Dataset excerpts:
╭──
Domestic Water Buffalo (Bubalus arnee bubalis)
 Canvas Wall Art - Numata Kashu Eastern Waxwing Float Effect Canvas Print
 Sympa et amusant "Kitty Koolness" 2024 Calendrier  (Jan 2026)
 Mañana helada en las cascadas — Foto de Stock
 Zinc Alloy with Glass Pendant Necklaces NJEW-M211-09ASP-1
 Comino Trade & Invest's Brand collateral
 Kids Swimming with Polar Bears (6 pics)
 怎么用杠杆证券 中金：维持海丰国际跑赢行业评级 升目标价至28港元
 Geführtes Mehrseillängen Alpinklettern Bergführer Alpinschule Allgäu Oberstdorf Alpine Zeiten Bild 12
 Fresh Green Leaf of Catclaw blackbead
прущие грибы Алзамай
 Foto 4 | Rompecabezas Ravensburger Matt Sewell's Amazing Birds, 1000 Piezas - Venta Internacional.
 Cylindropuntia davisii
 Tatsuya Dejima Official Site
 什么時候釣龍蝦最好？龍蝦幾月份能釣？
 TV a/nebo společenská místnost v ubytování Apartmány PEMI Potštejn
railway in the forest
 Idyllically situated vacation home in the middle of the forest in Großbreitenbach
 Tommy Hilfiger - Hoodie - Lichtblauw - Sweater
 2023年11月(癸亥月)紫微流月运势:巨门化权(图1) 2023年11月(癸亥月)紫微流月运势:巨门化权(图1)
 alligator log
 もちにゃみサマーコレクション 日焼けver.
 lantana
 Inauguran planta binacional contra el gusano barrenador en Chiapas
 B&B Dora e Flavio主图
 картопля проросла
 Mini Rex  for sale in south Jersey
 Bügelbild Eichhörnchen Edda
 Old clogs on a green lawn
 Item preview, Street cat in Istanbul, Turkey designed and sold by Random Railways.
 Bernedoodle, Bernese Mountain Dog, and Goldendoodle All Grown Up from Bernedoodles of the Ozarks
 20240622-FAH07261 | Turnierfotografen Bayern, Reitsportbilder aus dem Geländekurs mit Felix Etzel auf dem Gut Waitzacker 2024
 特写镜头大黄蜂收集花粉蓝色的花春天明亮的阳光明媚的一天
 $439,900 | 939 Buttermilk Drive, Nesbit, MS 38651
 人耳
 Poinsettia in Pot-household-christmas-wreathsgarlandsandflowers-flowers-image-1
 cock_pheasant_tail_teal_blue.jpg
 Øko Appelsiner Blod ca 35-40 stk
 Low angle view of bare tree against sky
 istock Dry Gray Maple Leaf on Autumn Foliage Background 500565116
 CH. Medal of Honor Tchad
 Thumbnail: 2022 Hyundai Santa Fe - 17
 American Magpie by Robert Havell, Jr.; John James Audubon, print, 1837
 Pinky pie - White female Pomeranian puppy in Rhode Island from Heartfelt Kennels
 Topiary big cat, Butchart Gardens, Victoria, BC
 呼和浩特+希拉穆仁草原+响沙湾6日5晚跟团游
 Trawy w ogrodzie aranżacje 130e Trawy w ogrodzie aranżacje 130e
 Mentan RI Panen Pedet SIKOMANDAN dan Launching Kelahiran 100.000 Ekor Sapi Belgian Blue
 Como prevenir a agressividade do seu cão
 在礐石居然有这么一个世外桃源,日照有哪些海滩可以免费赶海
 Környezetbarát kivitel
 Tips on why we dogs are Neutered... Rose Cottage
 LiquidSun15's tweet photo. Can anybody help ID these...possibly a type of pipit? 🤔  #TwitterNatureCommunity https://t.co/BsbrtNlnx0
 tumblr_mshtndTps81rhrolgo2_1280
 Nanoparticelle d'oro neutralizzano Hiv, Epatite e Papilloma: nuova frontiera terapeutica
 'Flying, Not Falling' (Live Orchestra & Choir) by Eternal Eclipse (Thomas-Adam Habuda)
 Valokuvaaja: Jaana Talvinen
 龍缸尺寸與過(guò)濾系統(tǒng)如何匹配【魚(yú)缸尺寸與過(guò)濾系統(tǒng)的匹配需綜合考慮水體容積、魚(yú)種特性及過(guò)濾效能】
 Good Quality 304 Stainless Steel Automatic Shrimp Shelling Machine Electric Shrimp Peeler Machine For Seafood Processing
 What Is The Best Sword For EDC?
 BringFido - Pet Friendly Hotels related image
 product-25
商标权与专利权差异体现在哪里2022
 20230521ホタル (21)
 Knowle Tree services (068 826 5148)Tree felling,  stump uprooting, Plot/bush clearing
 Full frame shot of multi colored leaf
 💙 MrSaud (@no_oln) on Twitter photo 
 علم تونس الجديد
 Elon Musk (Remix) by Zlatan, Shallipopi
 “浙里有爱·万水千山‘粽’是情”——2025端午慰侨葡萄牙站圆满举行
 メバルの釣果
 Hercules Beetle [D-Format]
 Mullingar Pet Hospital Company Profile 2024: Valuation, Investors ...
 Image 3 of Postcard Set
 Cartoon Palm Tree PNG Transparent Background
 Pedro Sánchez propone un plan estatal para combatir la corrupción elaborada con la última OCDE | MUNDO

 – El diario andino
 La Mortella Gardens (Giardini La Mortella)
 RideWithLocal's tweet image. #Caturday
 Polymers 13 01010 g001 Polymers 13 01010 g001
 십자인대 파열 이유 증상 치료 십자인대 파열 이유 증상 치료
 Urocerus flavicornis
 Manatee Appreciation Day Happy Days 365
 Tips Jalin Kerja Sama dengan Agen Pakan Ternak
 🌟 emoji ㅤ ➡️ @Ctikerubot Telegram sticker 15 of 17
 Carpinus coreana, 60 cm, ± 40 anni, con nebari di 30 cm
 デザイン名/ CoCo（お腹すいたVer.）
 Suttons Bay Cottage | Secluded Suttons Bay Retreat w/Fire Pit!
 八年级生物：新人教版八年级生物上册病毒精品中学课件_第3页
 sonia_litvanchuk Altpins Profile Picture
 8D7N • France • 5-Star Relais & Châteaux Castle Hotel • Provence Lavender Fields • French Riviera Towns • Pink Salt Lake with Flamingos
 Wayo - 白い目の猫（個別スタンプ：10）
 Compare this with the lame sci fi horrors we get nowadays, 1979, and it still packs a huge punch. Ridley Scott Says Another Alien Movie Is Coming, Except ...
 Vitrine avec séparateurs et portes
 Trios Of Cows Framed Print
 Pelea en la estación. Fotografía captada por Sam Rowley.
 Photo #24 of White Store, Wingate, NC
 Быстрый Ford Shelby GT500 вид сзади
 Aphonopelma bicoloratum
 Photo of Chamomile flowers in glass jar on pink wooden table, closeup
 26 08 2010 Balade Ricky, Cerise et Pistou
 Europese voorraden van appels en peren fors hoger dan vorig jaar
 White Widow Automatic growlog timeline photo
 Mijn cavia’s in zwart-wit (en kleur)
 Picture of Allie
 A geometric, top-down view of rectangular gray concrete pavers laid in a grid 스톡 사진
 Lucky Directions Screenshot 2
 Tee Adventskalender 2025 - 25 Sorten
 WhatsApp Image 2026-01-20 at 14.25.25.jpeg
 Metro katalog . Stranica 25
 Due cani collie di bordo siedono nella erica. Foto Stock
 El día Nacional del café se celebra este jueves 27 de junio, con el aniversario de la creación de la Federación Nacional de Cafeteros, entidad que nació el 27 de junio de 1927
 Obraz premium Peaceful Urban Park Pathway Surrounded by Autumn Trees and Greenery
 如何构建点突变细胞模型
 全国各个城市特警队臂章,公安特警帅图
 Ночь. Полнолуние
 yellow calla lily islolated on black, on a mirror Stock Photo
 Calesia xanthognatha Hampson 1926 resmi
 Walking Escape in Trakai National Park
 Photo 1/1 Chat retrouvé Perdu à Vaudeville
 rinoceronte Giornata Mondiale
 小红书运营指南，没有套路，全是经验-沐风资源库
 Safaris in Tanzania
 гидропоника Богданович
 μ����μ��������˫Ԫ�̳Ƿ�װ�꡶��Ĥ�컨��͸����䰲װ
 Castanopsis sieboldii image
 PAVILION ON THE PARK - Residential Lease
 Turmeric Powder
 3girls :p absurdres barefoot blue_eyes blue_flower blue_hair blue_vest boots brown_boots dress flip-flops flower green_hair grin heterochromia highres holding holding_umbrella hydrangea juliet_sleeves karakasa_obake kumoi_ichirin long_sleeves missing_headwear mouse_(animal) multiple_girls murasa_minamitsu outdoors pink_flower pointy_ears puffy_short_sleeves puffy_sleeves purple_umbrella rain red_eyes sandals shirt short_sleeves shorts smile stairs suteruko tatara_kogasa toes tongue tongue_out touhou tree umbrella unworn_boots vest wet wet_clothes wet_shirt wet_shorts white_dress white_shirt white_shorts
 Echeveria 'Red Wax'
╰──
What the task requires:
Wherever the line holding "LiquidSun15's tweet photo." falls in the entries above, copy exactly from it through the line holding "Trios Of Cows Framed Print", inclusive, and add nothing.

Answer below:
 LiquidSun15's tweet photo. Can anybody help ID these...possibly a type of pipit? 🤔  #TwitterNatureCommunity https://t.co/BsbrtNlnx0
 tumblr_mshtndTps81rhrolgo2_1280
 Nanoparticelle d'oro neutralizzano Hiv, Epatite e Papilloma: nuova frontiera terapeutica
 'Flying, Not Falling' (Live Orchestra & Choir) by Eternal Eclipse (Thomas-Adam Habuda)
 Valokuvaaja: Jaana Talvinen
 龍缸尺寸與過(guò)濾系統(tǒng)如何匹配【魚(yú)缸尺寸與過(guò)濾系統(tǒng)的匹配需綜合考慮水體容積、魚(yú)種特性及過(guò)濾效能】
 Good Quality 304 Stainless Steel Automatic Shrimp Shelling Machine Electric Shrimp Peeler Machine For Seafood Processing
 What Is The Best Sword For EDC?
 BringFido - Pet Friendly Hotels related image
 product-25
商标权与专利权差异体现在哪里2022
 20230521ホタル (21)
 Knowle Tree services (068 826 5148)Tree felling,  stump uprooting, Plot/bush clearing
 Full frame shot of multi colored leaf
 💙 MrSaud (@no_oln) on Twitter photo 
 علم تونس الجديد
 Elon Musk (Remix) by Zlatan, Shallipopi
 “浙里有爱·万水千山‘粽’是情”——2025端午慰侨葡萄牙站圆满举行
 メバルの釣果
 Hercules Beetle [D-Format]
 Mullingar Pet Hospital Company Profile 2024: Valuation, Investors ...
 Image 3 of Postcard Set
 Cartoon Palm Tree PNG Transparent Background
 Pedro Sánchez propone un plan estatal para combatir la corrupción elaborada con la última OCDE | MUNDO

 – El diario andino
 La Mortella Gardens (Giardini La Mortella)
 RideWithLocal's tweet image. #Caturday
 Polymers 13 01010 g001 Polymers 13 01010 g001
 십자인대 파열 이유 증상 치료 십자인대 파열 이유 증상 치료
 Urocerus flavicornis
 Manatee Appreciation Day Happy Days 365
 Tips Jalin Kerja Sama dengan Agen Pakan Ternak
 🌟 emoji ㅤ ➡️ @Ctikerubot Telegram sticker 15 of 17
 Carpinus coreana, 60 cm, ± 40 anni, con nebari di 30 cm
 デザイン名/ CoCo（お腹すいたVer.）
 Suttons Bay Cottage | Secluded Suttons Bay Retreat w/Fire Pit!
 八年级生物：新人教版八年级生物上册病毒精品中学课件_第3页
 sonia_litvanchuk Altpins Profile Picture
 8D7N • France • 5-Star Relais & Châteaux Castle Hotel • Provence Lavender Fields • French Riviera Towns • Pink Salt Lake with Flamingos
 Wayo - 白い目の猫（個別スタンプ：10）
 Compare this with the lame sci fi horrors we get nowadays, 1979, and it still packs a huge punch. Ridley Scott Says Another Alien Movie Is Coming, Except ...
 Vitrine avec séparateurs et portes
 Trios Of Cows Framed Print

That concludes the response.